Data section:
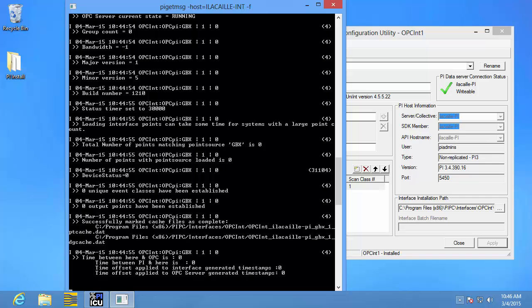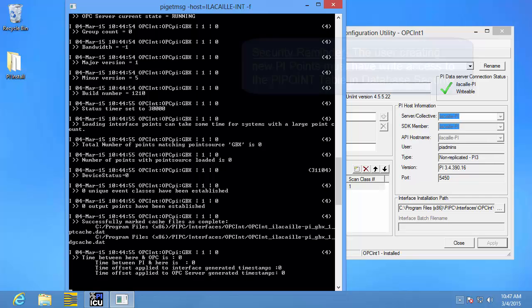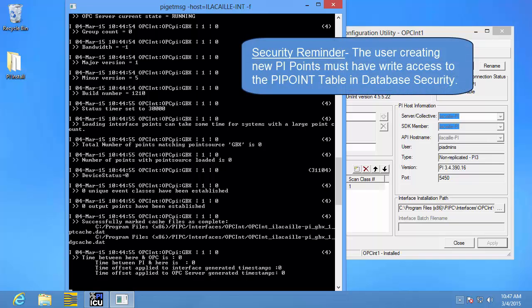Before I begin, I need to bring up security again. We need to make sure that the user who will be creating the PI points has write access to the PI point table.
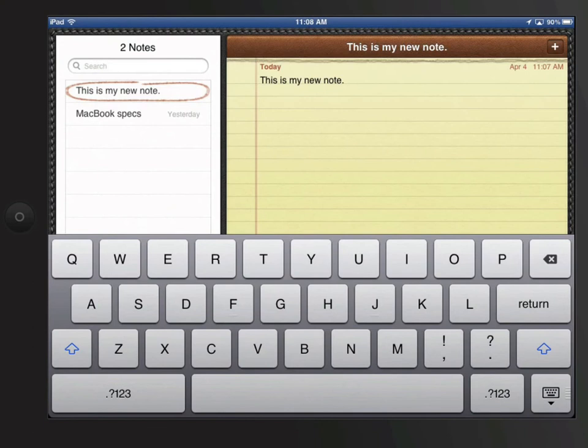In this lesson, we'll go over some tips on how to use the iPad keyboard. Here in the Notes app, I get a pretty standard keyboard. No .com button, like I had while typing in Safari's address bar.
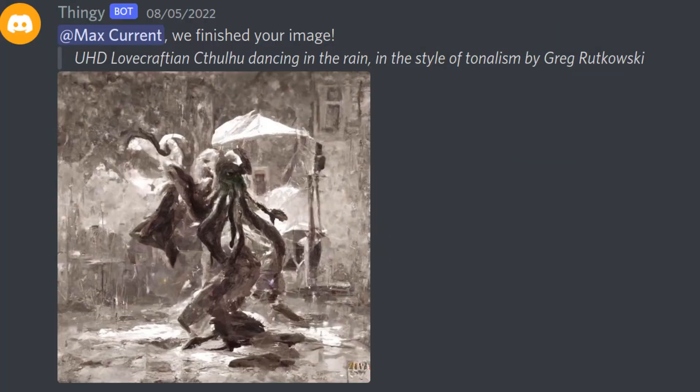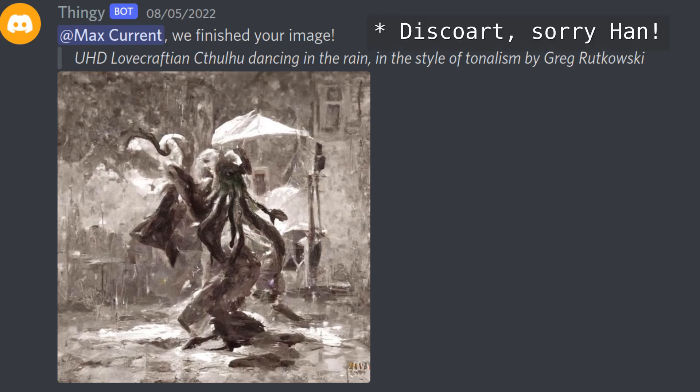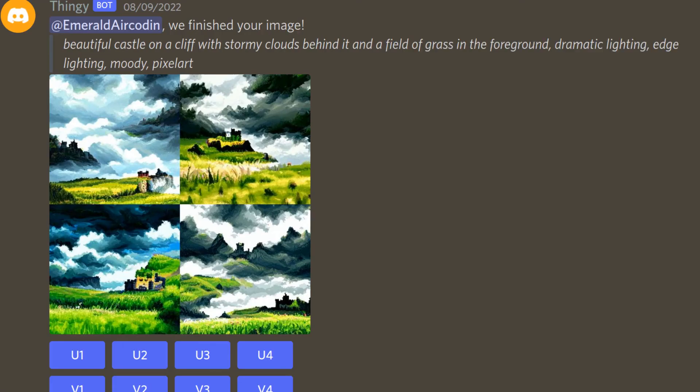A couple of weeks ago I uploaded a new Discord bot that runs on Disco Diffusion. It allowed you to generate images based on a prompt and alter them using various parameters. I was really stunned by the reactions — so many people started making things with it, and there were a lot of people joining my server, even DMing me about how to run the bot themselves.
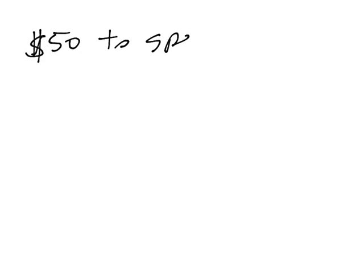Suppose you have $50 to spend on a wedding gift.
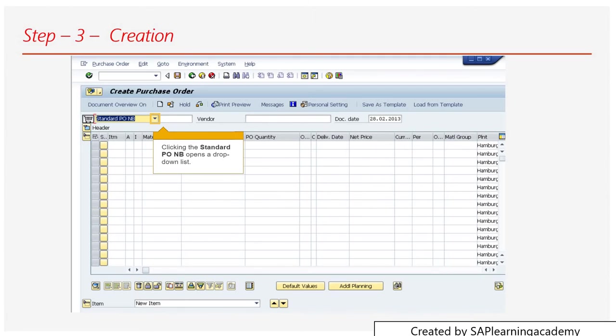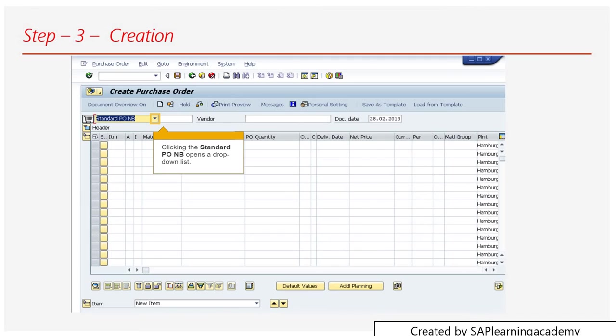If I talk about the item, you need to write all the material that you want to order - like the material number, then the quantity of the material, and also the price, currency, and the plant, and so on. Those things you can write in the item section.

Try it: Print the records above verbatim, minus any pictures.

Written answer:
Before I begin, I need to bring up security again. We need to make sure that the user who will be creating the PI points has write access to the PI point table.
In this lesson, we'll go over some tips on how to use the iPad keyboard. Here in the Notes app, I get a pretty standard keyboard. No .com button, like I had while typing in Safari's address bar.
A couple of weeks ago I uploaded a new Discord bot that runs on Disco Diffusion. It allowed you to generate images based on a prompt and alter them using various parameters. I was really stunned by the reactions — so many people started making things with it, and there were a lot of people joining my server, even DMing me about how to run the bot themselves.
Suppose you have $50 to spend on a wedding gift.
If I talk about the item, you need to write all the material that you want to order - like the material number, then the quantity of the material, and also the price, currency, and the plant, and so on. Those things you can write in the item section.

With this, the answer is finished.